The spacious room she stood in she knew was cold, but more because of memory than by experience. They kept the thermostat set lower than most people found comfortable. Not because it made any difference to them; they didn't notice much towards either extreme and it was cheaper at the moment to allow the chill from the outside find a hold in the large, drafty room.

The ground she could feel the pressure push against her bones. That was where most of her sensation came from. Her bones. That was her, in most respects. All that remained of her.

"So what are we going to do?" she queried to the man standing behind her.

"I don't know, Vai," the man said with a sigh. His sandy blonde hair whisked back and forth as he shook his head slowly. "I talked to the last few that we hadn't talked to yet. Everyone I can think of. All of them say it's too risky. They've all heard what happened to Druid. The Egyptian's got them all shook up."

"What about that woman, in Marseilles? Surely she'd had a soft spot for an old flame."

"Madame Nostra?" Griff replied sheepishly. "That was a long time ago, Vai. I don't she's in the business anymore. She's got to be eighty or ninety now."

"Besides," he added, "last time we spoke with her, you had some rather strong words for her about what you would do to her if you ever saw her with me again."

Vai thought he might have blushed. If he still could. A lifeless grey palour inhabited his cheeks, one that Vai knew resembled the color of her own face.

Griff was right: it had been a very long time ago. Griff had met the woman back in the '30s. They weren't together at the time. They'd had a large fight which ended with Vai throwing one of the dining room chairs out the window of their Paris apartment and saying that if Griff didn't leave right then he'd be next. By the time she heard anything about him again, several months had passed and she was working been for some time in Salzburg for a local baron. Rumor had reached her that Griff was still in France and that he'd hooked up with some woman, a medium popular at the time for offering seances to the local elite.

It's not that she wasn't hurt, she was. They'd been together a long time. A very long time, to be honest. But they were both passionate people and they had the habit of splitting up from time to time when their tempers got the better of them, but they always found themselves getting back together in the end. Some bonds couldn't be broken so easily.

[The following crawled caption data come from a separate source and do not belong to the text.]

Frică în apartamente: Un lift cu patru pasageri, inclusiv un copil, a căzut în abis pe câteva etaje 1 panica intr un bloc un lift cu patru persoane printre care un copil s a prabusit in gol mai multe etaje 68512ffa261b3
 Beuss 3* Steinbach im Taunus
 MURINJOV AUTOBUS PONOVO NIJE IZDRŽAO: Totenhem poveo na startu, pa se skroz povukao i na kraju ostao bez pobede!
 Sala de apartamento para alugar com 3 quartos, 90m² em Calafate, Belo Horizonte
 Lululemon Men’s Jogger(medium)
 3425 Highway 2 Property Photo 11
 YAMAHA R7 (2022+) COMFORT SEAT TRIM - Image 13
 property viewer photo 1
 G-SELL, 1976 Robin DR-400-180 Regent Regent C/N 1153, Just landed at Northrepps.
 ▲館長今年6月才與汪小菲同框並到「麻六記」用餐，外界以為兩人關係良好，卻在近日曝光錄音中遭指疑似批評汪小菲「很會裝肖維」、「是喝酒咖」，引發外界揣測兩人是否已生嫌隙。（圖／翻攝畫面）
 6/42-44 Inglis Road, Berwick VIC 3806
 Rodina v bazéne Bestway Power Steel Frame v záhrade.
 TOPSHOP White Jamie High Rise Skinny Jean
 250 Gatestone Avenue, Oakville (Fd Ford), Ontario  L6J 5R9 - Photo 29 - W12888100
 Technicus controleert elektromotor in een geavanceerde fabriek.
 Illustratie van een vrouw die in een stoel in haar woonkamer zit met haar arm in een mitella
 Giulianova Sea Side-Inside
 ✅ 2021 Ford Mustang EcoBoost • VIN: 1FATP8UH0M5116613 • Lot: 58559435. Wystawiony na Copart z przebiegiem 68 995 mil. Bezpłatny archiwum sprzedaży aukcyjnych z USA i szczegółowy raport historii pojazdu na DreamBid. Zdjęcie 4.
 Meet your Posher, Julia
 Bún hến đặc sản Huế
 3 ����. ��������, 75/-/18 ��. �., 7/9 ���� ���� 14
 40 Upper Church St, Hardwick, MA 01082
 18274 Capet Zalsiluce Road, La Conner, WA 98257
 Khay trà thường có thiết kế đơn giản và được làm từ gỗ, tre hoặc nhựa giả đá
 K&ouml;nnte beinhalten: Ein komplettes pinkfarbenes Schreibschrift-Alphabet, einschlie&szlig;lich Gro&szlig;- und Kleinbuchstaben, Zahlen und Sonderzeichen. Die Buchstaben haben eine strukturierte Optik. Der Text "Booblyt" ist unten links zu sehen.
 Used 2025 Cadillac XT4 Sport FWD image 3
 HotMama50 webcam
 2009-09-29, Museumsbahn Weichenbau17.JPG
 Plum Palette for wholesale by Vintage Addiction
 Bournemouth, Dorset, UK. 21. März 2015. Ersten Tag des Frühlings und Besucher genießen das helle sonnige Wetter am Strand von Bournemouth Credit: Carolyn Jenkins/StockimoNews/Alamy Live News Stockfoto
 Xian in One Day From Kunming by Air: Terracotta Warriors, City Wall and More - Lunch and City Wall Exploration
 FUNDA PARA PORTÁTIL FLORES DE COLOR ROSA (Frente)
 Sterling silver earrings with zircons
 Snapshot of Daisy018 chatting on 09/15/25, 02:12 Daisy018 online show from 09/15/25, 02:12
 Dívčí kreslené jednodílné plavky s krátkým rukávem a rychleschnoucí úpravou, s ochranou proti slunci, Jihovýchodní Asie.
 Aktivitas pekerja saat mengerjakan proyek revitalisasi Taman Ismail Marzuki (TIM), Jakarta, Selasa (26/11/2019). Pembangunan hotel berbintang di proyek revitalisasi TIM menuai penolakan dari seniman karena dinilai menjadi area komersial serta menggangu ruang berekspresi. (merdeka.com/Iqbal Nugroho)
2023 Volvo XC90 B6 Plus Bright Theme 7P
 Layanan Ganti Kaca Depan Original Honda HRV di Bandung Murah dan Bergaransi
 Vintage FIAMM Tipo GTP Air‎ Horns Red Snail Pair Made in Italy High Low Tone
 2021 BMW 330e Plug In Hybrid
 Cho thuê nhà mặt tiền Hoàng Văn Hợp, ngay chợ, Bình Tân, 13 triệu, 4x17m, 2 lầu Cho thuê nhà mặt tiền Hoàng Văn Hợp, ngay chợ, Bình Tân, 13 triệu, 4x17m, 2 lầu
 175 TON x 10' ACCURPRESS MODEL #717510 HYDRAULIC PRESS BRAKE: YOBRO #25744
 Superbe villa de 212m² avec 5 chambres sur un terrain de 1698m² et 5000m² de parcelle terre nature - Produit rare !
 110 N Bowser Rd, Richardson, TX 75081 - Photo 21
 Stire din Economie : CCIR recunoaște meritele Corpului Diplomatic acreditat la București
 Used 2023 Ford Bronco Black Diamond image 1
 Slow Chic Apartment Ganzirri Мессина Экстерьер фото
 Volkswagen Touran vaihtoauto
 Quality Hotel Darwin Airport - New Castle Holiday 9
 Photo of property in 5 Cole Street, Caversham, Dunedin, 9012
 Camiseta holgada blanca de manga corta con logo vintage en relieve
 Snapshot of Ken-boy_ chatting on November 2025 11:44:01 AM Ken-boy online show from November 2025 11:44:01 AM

That's what happened at that time too. After while of working for the baron, she found that she missed Griff too much to be away and made her way Marseilles, slowly circling in on where he was living with Madame Nostra. The relationship there had mostly fizzled; most people couldn't handle large doses of Griff after a while, but Vai had still had a few choice words with the woman in case she got any further ideas.

"There's got to be someone, Griff. I can't believe no one is willing to help us. You'd think that by the time you've been alive for two hundred years, you'd have met enough people that you would never run out of friends. Or least the kind of friends who will exchange your services for very large sums of money."